風花
@kiraboshiseiya
風花
荒い息遣いが、咽帰る夏の茹だった空気の中に、冷たく混ざり合った。熱を孕んだ風が、庭に植えられた花々の香りを、彼等の鼻腔に纏わりついて、彼等の思考を曖昧なものにしていく。潤んだ瞳は細められ、精一杯口を開いて、呼吸を試みる心臓に手を当てなくても、握った両の掌から伝わる脈拍で、青年の命の動きが分かる。青年の顔は影り、表情はくり抜かれてしまってよく見えない。昔見た型抜きの出店を思い出した。細い目のような形を、爪楊枝より鋭い針で少しずつ慎重に、裂いて、周りの余白を割っていく。小さな少年にくり抜かれた型抜きは見るも無惨な形へと変貌し、元の可愛らしい動物の形は見る影もなく失われてしまった。開いた口、細められた目、それらがあの日の型抜きを想起させるには十分だった。真っ黒な瞳は今何色を宿しているのか、それすらも分からない。ただ呼吸をする丘には水が伝い、それが爪の間へと浸透していく。添えられた手は、無骨で大きく、骨張っていた。華奢な体には不釣り合いなそれと自身の手を見比べる。毛が薄く、光を通して揺れていた。力を尚のこと込めた。次第に青年の喉からは声帯から発せられた空気の振動が音となって部屋中に響いた。汚い濁った声を発する青年の体は指先が震えているのが皮膚から骨を振動させ、またそれが青年の生きている証なのだと思うと、一層腕に力を入れぬ訳がなかった。それは一時間にも一秒にも感じた。不意に手を離す。青年は喉を抑え起き上がると、激しく咳き込み、規則正しく息を整えようと上下に揺れる肩の華奢さに目がいく。ワイシャツから伸びた腕が尚青白く見えるのはきっと気のせいだ。

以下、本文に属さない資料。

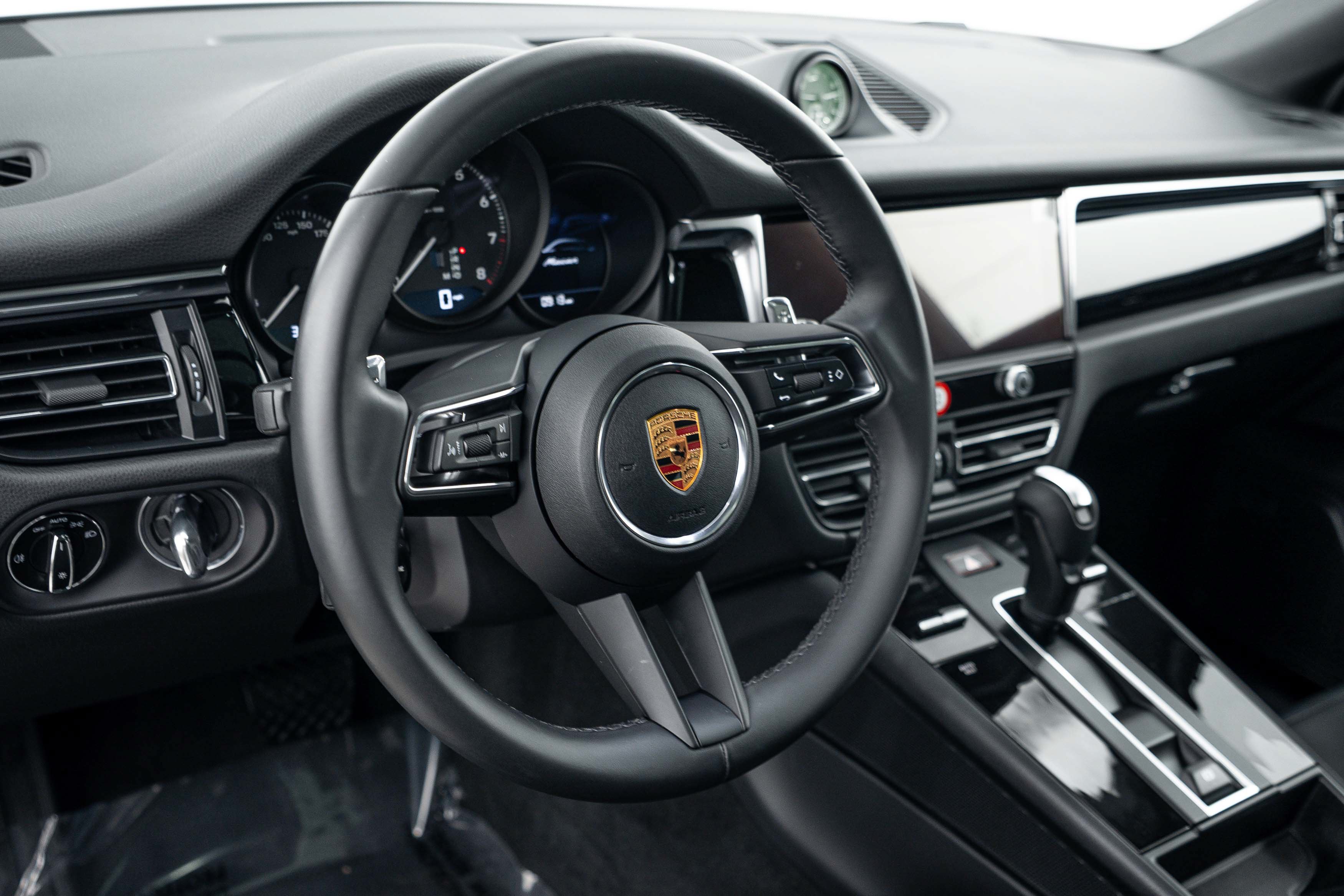 Certified 2026 Porsche Macan AWD/4WD image 14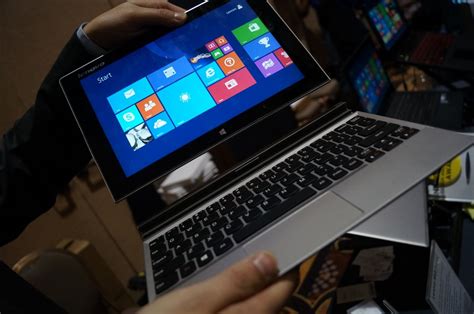 Up close with Lenovo's magnetic Miix 2 hybrid notebook/tablet – GeekWire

青年は呼吸を整えると、向かい合うように膝を直した。まだ喉の調子が戻っていないのか、何度も喉から音が鳴っている。筆で一本、瓜に線を引いた青年の瞳からはまだ水が一筋頬の双丘を流れていた。湖水に流れる清らかな水が、山の頂上から流れ出ている。純白のハンカチが目元を彩る。
「急に何かと思えば。本当に貴方はいつも急ですね」
青年は顔を上げた。そこには先程までの涙目で喘いでいた男はいなくなり、清廉な涼しい風を纏った青年が笑っていた。
「ああ、喉に痕がつくかしら」
首を二、三度撫でる。白い首筋に赤い花が大きく咲いている。青年はそれをなぞる様に、確かにあった熱を確かめるように自身の首に触れた。揃えられた爪先に、生ぬるい風が漂って、生者の生臭い呼吸の匂いを、美しい花々が掻き消した。拠り所のない腕は重力に従って頭を垂れ、指の合間に汗が溜まる。輪郭をぼやかすシャツが透けて、青年はまるで幽霊のようにそこに座っていた。
ここには何もない。名物になるものも、象徴するものも、目印になるものも、これと言って何があるわけでもない、どこにでもある田舎街だ。森と、鬱蒼と茂る緑、清らかに流れる川のせせらぎが、この街を支配する音の主だ。電車は二時間に一本程、来ない時間もある、バスは一時間に一本ありこれも来ない時間がある。アスファルトで舗装された暑苦しい風景は涼しげな緑に遮られて影を落とす。蝉の鳴き声さえ聞こえない世界から隔離された場所。遮断機の警報音が耳を劈く。頭蓋骨を力強く叩き、空の真骨に高い音が響き渡る。足元が揺れ、視界が七色に変わったかと思うと、白く明滅を繰り返し、気づけば青年と同じ目線に座っていた。皮膚から感じる畳の凹凸が青々しく、森の香りが花の香りと混ざり合う。芳醇な花々は一層その色を濃くし、緑の未発達な体は茎を伸ばして天を仰ぐ。青年は揃えた足先を緩め、乱れた衣服をそのままにこちらを見た。鋭い口元に湛えた笑みは蠱惑的に歪み、赤黒いものが覗く。白に縁取られて尚発色する生温かさは楽しそうだった。開け放された障子から、お隣さんの声が聞こえた。思わず振り向くと、青年はなんでもないように立って大きく手を振って答えた。
「こんにちは」
差し込む光に照らされる。影が濃く広がって、飲み込む。逆光を背負い、斜めに空間を裂く輪郭はなめらかだ。斑に落ちた汗が蒸発して浅く荒い息と混じり、甘く肺を犯していく。